2013 NBA Mock Draft: Seniors to Keep an Eye On
Once upon a time, college freshmen and sophomores only declared for the NBA Draft as literal “hardship” cases – these were players from mostly poor backgrounds whose NBA potential suggested it would be better for them to support their families through pro ball rather than stay in school. Academic woes were also considered a valid reason for an underclassman to skip his remaining years of eligibility for NBA dollars.
These days, it isn’t uncommon to see “one and done” players enter their names in the Draft, even those with mediocre freshman stats. Other times, players would wait another year or two more before declaring as underclassmen. And if you’re a senior Draft eligible player nowadays, chances are you’re not from a college basketball powerhouse, and if you are, perhaps you’ve stayed one or two years too many.
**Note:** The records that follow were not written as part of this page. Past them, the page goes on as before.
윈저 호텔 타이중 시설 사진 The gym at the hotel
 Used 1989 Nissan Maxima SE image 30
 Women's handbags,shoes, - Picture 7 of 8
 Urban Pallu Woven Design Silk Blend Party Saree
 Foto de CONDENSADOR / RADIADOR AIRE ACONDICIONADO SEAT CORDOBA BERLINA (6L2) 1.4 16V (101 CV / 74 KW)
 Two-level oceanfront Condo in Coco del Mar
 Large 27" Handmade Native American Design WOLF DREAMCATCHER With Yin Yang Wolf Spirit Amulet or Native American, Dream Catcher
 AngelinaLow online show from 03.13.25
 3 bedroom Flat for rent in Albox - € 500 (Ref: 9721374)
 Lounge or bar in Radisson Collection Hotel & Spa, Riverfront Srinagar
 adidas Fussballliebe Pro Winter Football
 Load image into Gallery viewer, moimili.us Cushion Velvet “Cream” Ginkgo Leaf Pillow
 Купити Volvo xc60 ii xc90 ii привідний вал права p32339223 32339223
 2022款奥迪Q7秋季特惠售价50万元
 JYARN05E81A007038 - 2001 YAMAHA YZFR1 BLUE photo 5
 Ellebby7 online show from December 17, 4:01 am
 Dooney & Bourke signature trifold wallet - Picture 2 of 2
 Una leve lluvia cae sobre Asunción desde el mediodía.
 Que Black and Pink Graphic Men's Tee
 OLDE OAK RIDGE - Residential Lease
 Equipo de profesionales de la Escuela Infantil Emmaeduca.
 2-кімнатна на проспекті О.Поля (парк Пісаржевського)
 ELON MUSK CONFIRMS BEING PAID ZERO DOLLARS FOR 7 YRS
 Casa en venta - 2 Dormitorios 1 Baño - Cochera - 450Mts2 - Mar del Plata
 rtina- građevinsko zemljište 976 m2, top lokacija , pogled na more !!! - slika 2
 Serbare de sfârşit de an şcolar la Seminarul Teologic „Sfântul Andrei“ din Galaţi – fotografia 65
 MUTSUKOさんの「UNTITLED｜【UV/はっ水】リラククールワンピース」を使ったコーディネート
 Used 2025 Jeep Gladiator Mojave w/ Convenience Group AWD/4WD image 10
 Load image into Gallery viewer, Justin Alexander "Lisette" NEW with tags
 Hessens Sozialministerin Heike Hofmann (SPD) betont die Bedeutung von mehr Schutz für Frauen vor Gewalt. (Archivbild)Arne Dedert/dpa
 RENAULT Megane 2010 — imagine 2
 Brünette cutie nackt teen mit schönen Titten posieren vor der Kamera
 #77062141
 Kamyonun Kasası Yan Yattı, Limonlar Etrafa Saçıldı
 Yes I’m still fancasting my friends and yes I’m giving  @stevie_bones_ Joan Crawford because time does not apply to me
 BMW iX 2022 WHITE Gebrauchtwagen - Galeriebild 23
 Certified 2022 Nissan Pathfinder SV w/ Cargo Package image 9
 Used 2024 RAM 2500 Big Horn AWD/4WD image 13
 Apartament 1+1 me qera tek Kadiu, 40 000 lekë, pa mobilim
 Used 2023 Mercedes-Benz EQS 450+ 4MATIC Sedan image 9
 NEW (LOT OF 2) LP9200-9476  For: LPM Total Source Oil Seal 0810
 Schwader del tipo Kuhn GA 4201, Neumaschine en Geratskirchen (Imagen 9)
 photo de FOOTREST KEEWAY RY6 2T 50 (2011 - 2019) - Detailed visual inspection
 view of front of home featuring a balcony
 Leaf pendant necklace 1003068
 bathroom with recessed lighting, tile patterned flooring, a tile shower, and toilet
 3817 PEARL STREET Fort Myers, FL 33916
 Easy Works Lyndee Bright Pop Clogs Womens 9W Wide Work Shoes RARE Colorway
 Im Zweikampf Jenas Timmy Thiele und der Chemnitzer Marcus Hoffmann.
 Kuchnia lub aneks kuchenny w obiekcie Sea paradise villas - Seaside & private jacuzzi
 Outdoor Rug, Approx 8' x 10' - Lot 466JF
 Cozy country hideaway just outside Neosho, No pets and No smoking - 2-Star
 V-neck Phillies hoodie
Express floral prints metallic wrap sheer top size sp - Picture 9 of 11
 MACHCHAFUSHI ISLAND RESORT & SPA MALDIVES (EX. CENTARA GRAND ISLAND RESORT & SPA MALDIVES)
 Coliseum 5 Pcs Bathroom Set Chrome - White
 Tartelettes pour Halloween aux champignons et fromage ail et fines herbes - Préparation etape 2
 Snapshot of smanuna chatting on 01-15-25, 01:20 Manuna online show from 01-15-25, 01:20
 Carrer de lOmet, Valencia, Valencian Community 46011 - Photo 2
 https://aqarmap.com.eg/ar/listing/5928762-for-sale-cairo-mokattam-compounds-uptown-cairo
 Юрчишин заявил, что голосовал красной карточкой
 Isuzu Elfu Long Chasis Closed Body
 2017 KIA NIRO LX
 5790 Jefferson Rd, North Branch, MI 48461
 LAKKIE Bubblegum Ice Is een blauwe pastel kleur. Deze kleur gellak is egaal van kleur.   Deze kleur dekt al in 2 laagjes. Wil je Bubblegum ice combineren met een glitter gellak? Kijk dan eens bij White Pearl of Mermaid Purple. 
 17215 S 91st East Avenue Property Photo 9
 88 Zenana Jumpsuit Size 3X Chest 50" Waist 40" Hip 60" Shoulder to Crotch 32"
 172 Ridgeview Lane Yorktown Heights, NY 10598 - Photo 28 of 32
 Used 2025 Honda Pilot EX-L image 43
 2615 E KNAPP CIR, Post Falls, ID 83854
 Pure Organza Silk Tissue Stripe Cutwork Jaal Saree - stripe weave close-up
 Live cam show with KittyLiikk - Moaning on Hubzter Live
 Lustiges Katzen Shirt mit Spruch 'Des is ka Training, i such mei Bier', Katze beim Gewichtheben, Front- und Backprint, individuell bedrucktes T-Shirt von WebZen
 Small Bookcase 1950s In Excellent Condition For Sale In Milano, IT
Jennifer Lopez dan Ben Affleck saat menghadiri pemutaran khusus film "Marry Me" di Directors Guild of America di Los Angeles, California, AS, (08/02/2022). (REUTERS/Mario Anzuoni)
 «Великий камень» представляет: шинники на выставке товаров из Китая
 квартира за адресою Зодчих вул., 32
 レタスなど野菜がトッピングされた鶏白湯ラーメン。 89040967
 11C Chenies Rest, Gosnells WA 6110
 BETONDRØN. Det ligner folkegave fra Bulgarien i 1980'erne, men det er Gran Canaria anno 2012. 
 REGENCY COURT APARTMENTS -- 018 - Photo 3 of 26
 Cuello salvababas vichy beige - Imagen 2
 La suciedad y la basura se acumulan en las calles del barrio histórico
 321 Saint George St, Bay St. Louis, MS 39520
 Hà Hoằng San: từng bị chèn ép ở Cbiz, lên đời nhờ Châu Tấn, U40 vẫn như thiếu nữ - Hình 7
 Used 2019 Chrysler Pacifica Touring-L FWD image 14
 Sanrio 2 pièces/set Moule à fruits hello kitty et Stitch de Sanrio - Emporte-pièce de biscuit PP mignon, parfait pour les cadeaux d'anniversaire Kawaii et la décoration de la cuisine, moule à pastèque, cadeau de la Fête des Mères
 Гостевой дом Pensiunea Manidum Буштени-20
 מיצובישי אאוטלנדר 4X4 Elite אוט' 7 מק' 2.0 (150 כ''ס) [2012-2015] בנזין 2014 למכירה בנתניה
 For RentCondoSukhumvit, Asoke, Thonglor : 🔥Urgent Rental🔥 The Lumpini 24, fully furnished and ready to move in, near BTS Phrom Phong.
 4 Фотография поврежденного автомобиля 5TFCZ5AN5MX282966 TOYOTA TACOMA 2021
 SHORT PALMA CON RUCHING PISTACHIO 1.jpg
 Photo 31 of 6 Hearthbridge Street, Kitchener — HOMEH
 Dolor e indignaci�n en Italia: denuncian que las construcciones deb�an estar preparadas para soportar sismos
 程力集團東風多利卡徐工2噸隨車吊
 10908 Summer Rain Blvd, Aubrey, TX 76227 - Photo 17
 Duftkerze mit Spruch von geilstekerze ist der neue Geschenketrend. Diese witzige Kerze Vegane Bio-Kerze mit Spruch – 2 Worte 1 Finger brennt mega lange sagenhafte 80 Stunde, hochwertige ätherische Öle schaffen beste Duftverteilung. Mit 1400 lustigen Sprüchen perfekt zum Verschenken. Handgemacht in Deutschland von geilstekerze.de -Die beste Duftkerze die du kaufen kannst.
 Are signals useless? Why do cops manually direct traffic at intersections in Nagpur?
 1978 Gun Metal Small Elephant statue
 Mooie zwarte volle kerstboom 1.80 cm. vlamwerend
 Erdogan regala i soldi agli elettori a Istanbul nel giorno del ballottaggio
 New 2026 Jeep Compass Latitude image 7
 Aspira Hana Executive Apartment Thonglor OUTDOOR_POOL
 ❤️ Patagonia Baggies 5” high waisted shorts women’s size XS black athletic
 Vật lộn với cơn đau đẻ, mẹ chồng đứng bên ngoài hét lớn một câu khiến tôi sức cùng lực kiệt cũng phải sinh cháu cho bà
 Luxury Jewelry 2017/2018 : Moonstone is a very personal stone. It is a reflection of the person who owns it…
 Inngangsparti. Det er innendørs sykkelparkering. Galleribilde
Yes, the college senior with Draft potential is a dying breed, but there are still several who have a serious chance to be drafted, albeit most likely not as a lottery pick. With that said, here are five incoming seniors who could find themselves among the underclassmen in the first round of next year’s NBA Draft. We must warn you, though, this year’s pickings seem even slimmer than usual.
Zeke Marshall (C, 7’0”-235, Akron) – He barely missed making my “Put Up or Shut Up” list of disappointing incoming seniors because of his shotblocking. Marshall has been a disappointment as Akron’s most touted recruit ever, yet he was still the Zips’ leader in scoring, rebounding and blocks in 2011-12. If he develops more of a mean streak and shows more toughness underneath, I don’t see why he shouldn’t finally live up to expectations as a senior.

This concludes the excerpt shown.